Textiles with a twist
Nano-yarns could soon revolutionise wearable technology.
It’s a rite of passage in high-school physics to twist a length of string and then let it go to demonstrate how potential energy converts to kinetic energy.
Perhaps Carter Haines of the University of Texas, Dallas, was particularly impressed by this evergreen lesson. It would happily explain the inspiration for an invention he and colleagues describe in the journal Science.
Haines’ team has created a new type of yarn from carbon nanotubes, which generates electricity when stretched or twisted. These “twistrons”, the scientists suggest, have a wide range of potential uses, including harvesting power from ocean waves, or functioning as a wearable heart monitor.
To create the basic structure, Haines and colleagues compiled nanotubes – tiny cylinders 10,000 times smaller than the width of a human hair – and twisted them together, like a strand of wool.

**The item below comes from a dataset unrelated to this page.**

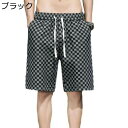 チェク柄 ジーンズ メンズ デニムショーツ ゆったり バギーパンツ ジーパン M-4XL ショートパンツ ミディアムパンツ 5分丈 大きいサイズ ヒップホップ系 ストリートモード おしゃれ ワイド
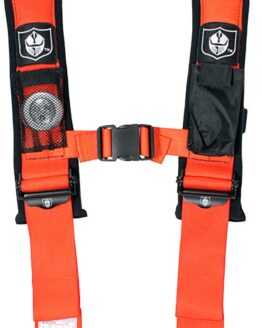 Pro Armor 5 Point Harness 3 Inch Pads Orange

Before that, however, the yarns were coated with a conductive substance – an electrolyte. High tech met low: salt water was all that was needed for proof of concept.
The tighter the yarns were twisted, the closer together the electric charges embedded in them became, increasing their energy output.
“Fundamentally, these yarns are supercapacitors,” says co-author Na Li. “When you insert the carbon nanotube yarn into an electrolyte bath, the yarns are charged by the electrolyte itself. No external battery, or voltage, is needed.”
For such a simple machine, the electrical output is impressive. The scientists calculated that stretching them 30 times a second produced about 240 watts of power per kilogram of yarn.
Haines and his colleagues have already filed a patent on twistrons, and see them as a possible solution to one of the major hurdles facing manufacturers of “smart” clothing and other wearables. “Electronic textiles are of major commercial interest,” team member Ray Baughman notes, “but how are you going to power them?”